The city decided to begin strengthening its zoning regulations this year after 260 new auto-related businesses opened in two years. Obtaining just a certificate of occupancy rarely triggers a requirement that the new property owner make improvements, such as landscaping, and city officials were concerned about how that could affect the look of Arlington’s business corridors and nearby residential areas, Clayton said.
Some used-car dealerships, for example, have done little when taking over former gas stations or convenience stores other than filling the parking lots with cars for sale.
“There is a growing concern about the number of uses that are within the community and the effect those might have on the business corridors and adjacent neighborhoods,” Husband told the council at an Aug. 6 meeting.
The amendments would now require certain auto-related businesses seeking to expand or to open in a new location to obtain specific-use permits based on the property’s zoning category and whether an auto-related use was previously operating there.
“It’s not only on Division Street that we have a problem. The north-south corridors of Collins and Cooper are also riddled with automotive businesses,” Councilman Charlie Parker said. “If we have new ones, we would like to be part of the process.”

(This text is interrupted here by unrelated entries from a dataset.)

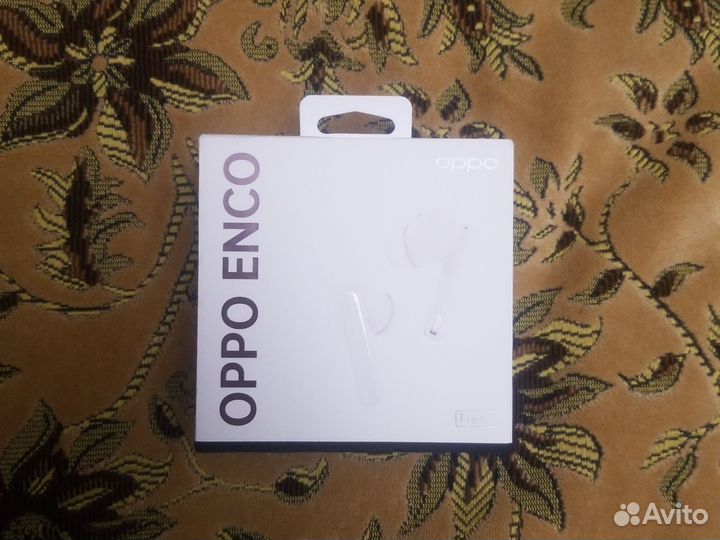Oppo enco free 2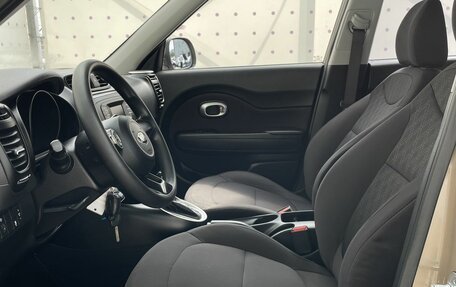 KIA Soul II рестайлинг, 2015 год, 1 190 000 рублей, 11 фотография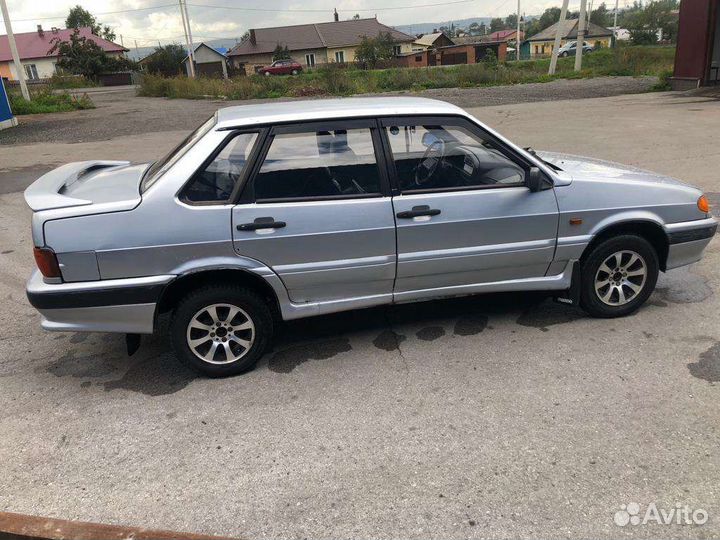 ВАЗ 2115 Samara, 2002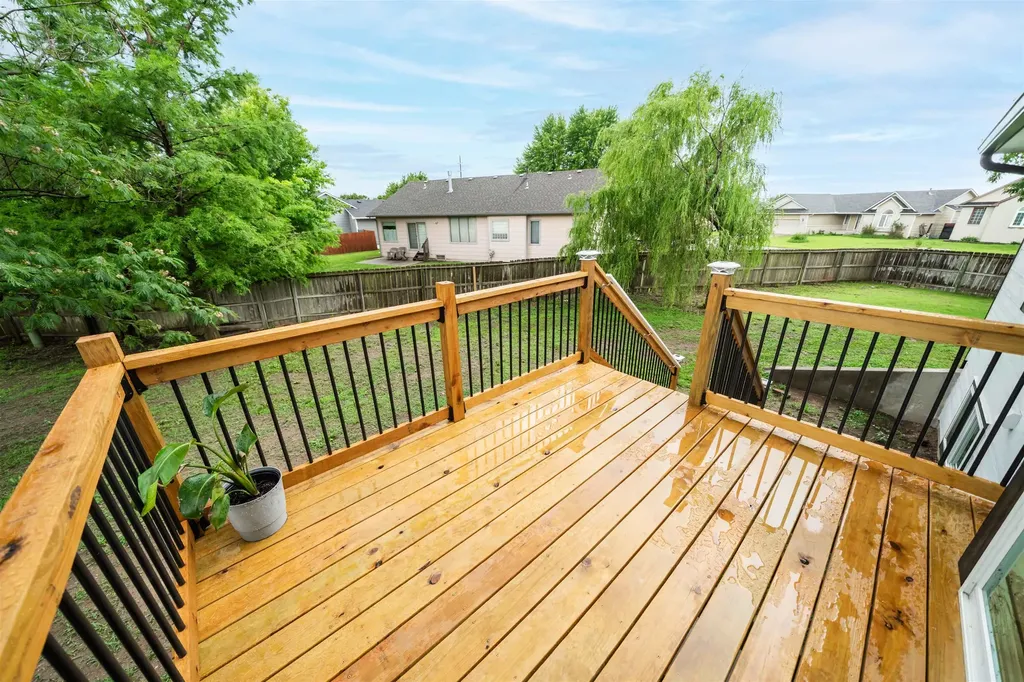 9501 E Stafford Court Wichita KS 67207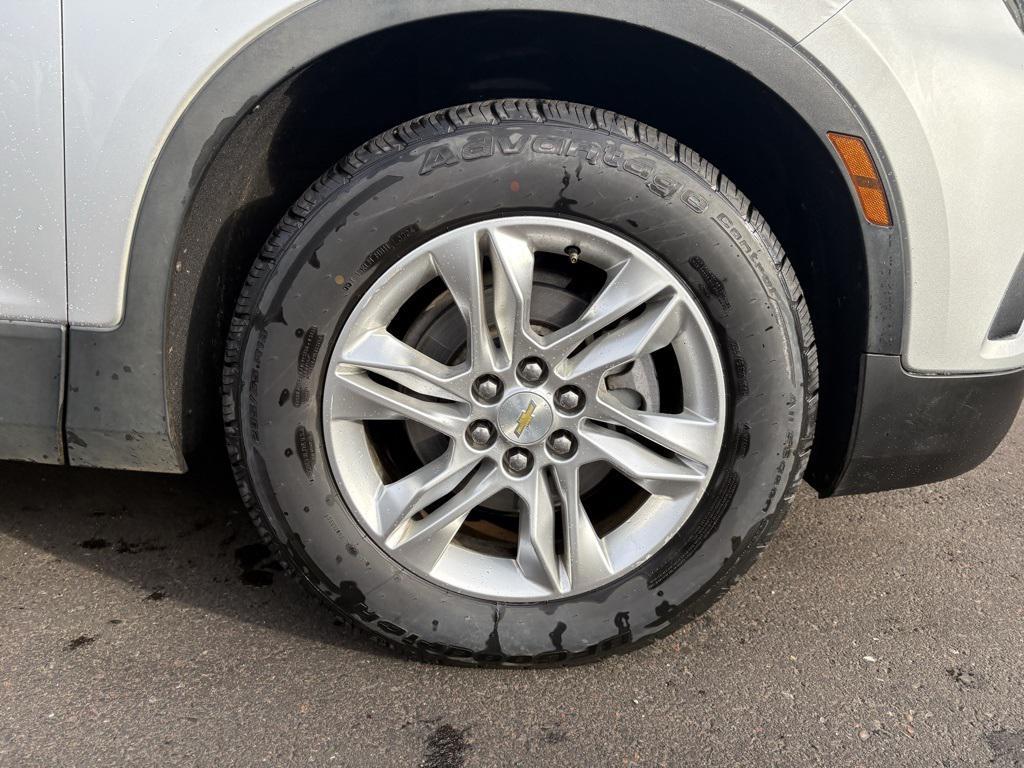 used 2020 Chevrolet Blazer car, priced at $19,573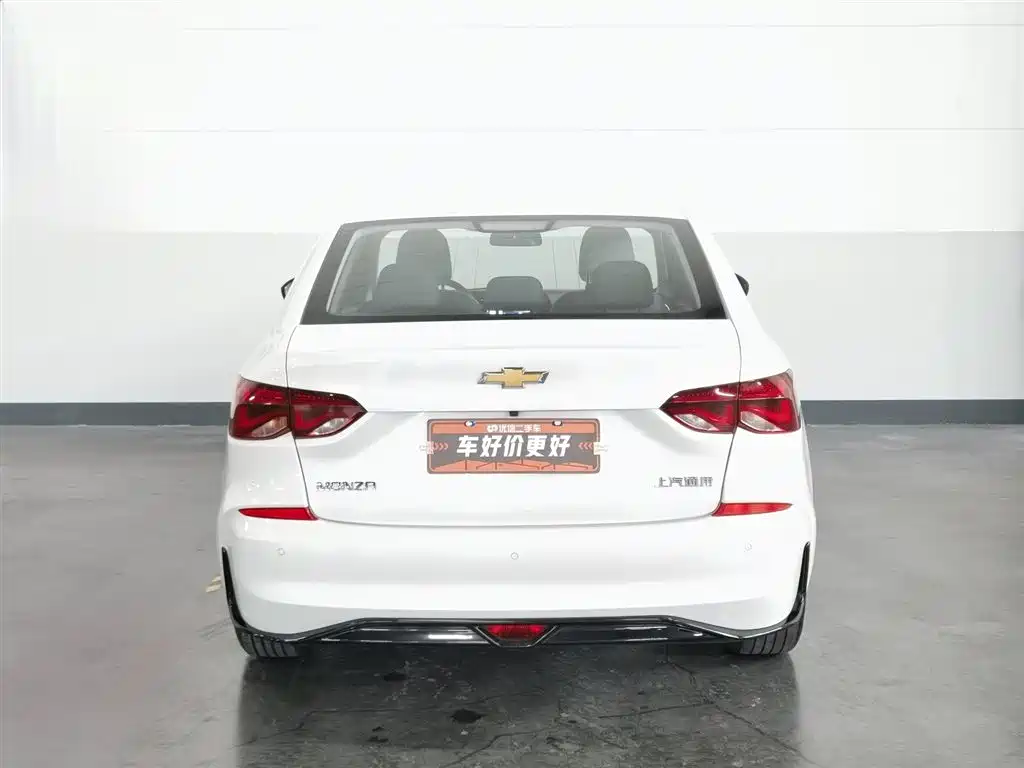 Chevrolet Monza 2024 1.5L Dual-Clutch Delight Edition фото 4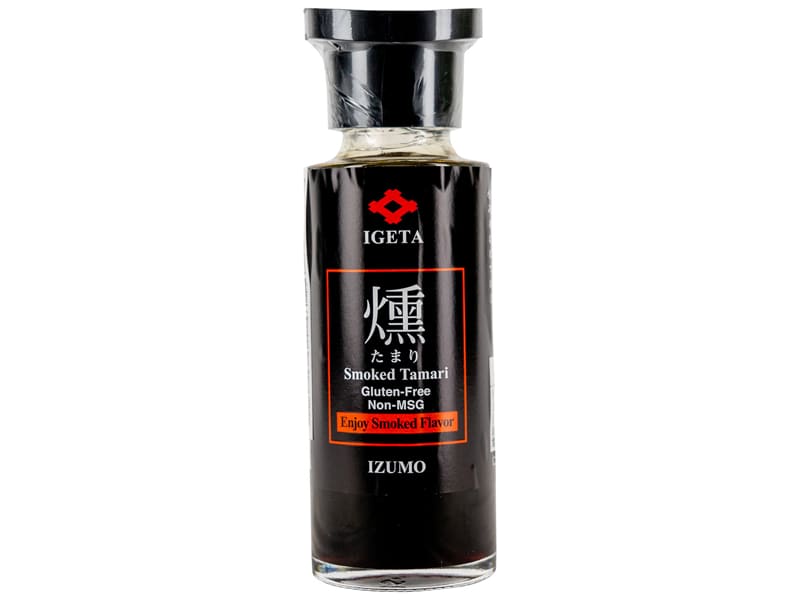 Sauce Piment fumé (100ml)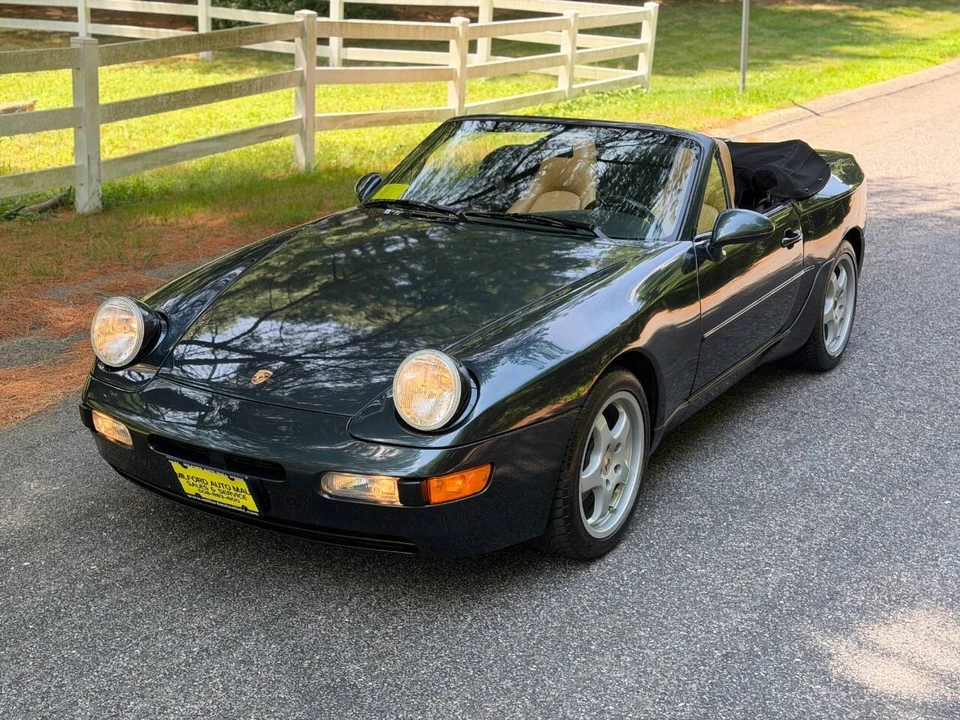 1994 Porsche 968 - Image 18 of 31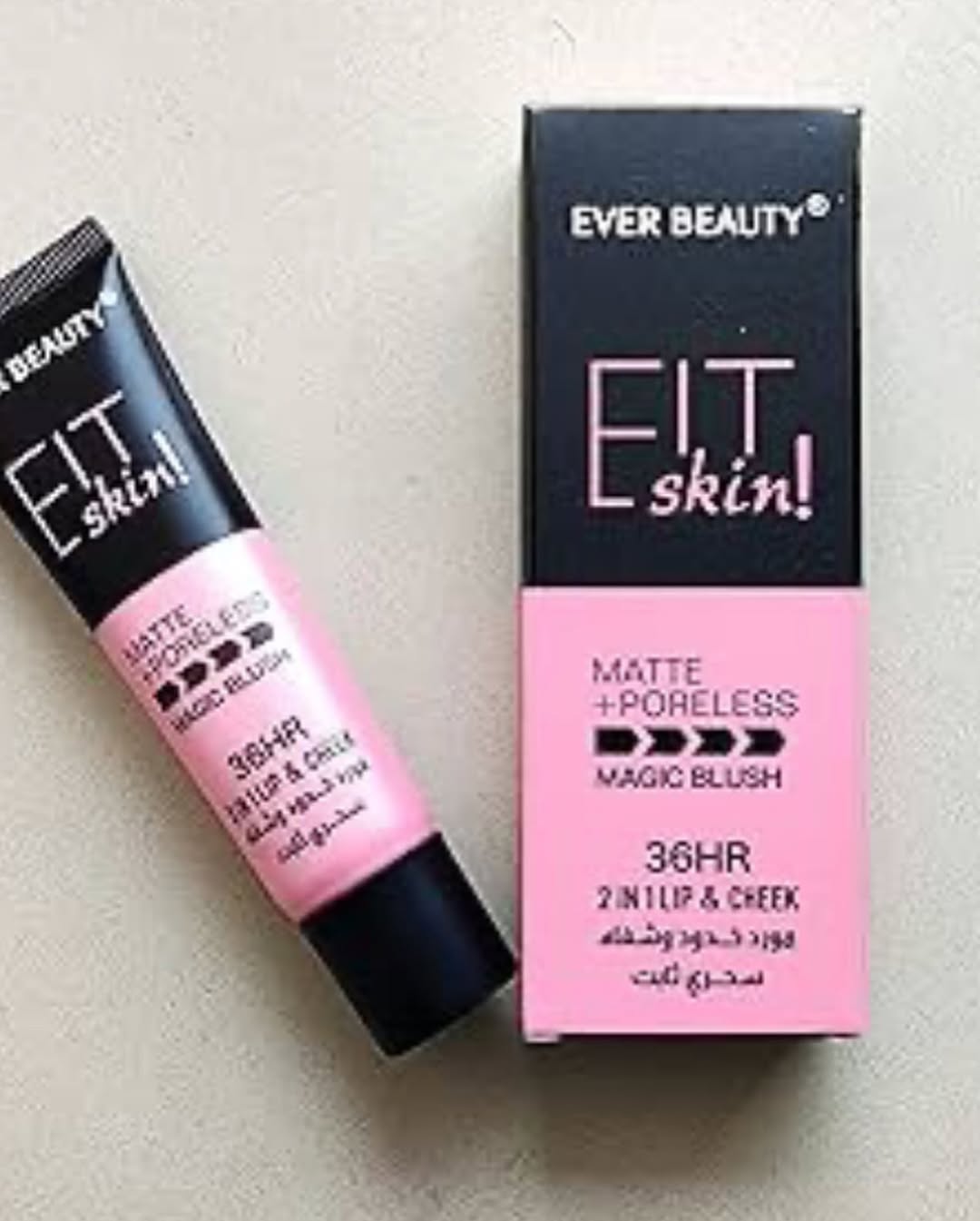 WhatsApp-Image-2025-06-19-at-7.50.35-PM-1 EIT SKIN Magic Blush - Matte + Poreless (2-in-1 Lip & Cheek Tint) Lasting 36 Hours 35ml - Image 4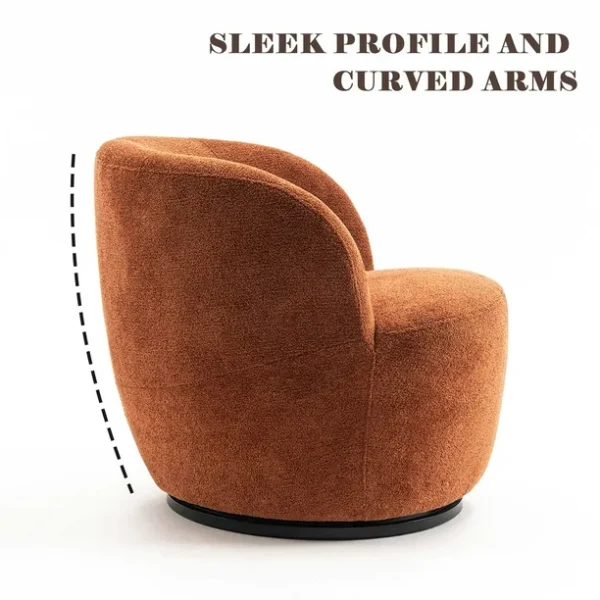 Nuri Accent Chair - Image 3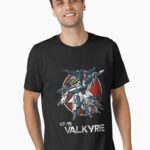 Vintage Skull Squadron Unisex T-Shirt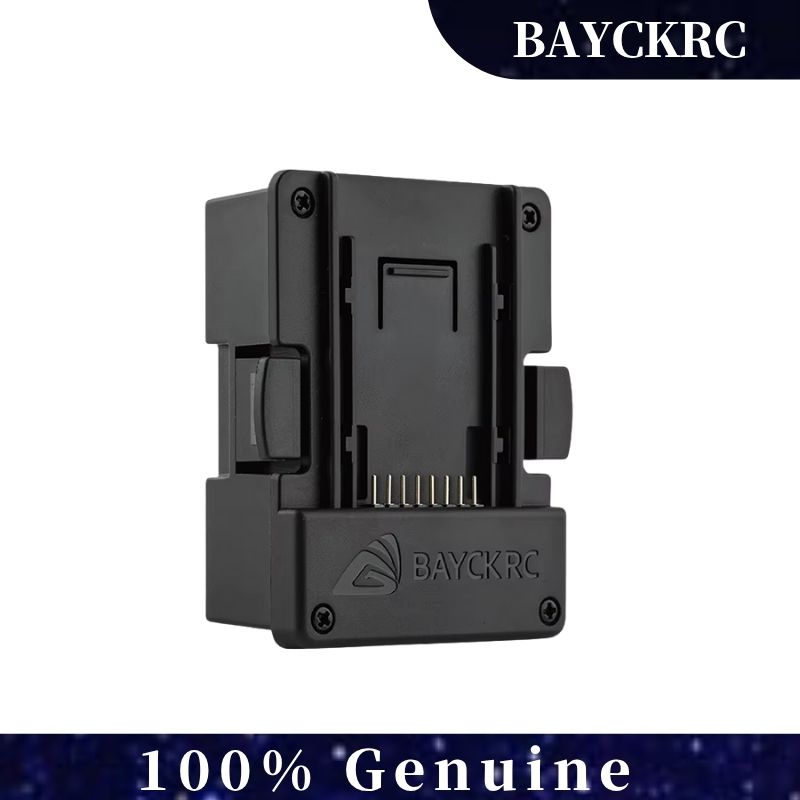 Radiomaster Ranger 2.4Ghz Elrs Module - BAYCKRC NANO โมดูลเครื่องส่งสัญญาณอะแดปเตอร์/แปลงโมดูล RF อินเทอร์เฟซนาโนเป็นโมดูล RF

The proposed amendments would require all future used-car lots to obtain a specific-use permit no matter how their property is zoned. That process, which includes a review by the Planning and Zoning Commission and the council, can take nine to 10 weeks compared with the typical 24-hour to three-week review by city staff.
“By requiring a specific-use permit for those individual uses, it gives the council the ability to consider those case by case for those locations and the ability to place some modest standards on the property to have some incremental improvements over time,” Husband said.
New car dealerships would not be required to obtain specific-use permits.
Other changes include prohibiting carwashes and auto service locations, such as tire and oil change shops, from opening in areas zoned for community services, which are primarily retail-oriented, Husband said.
Minor-repair garages and carwashes would need permits to open in the city’s business zoning districts, and auto services and minor- and major-repair garages would need special permits to open in light industrial zoning areas.
Most auto-related businesses would still be allowed to operate in areas zoned for industrial manufacturing by regular permit.
The amendments don’t prevent new automotive businesses to open in the city but they do give the council the chance to request site improvements, Parker said.
“They can go out and do whatever they want to do right now. We are saying: ‘No, you can’t do that. We are saying you have to present us with a plan,’” Parker said.
The Planning and Zoning Commission unanimously recommended approval of the amendments in September.
These standards would also apply to the city’s special overlay zoning districts, including downtown, the entertainment district and the Lamar-Collins area, Husband said.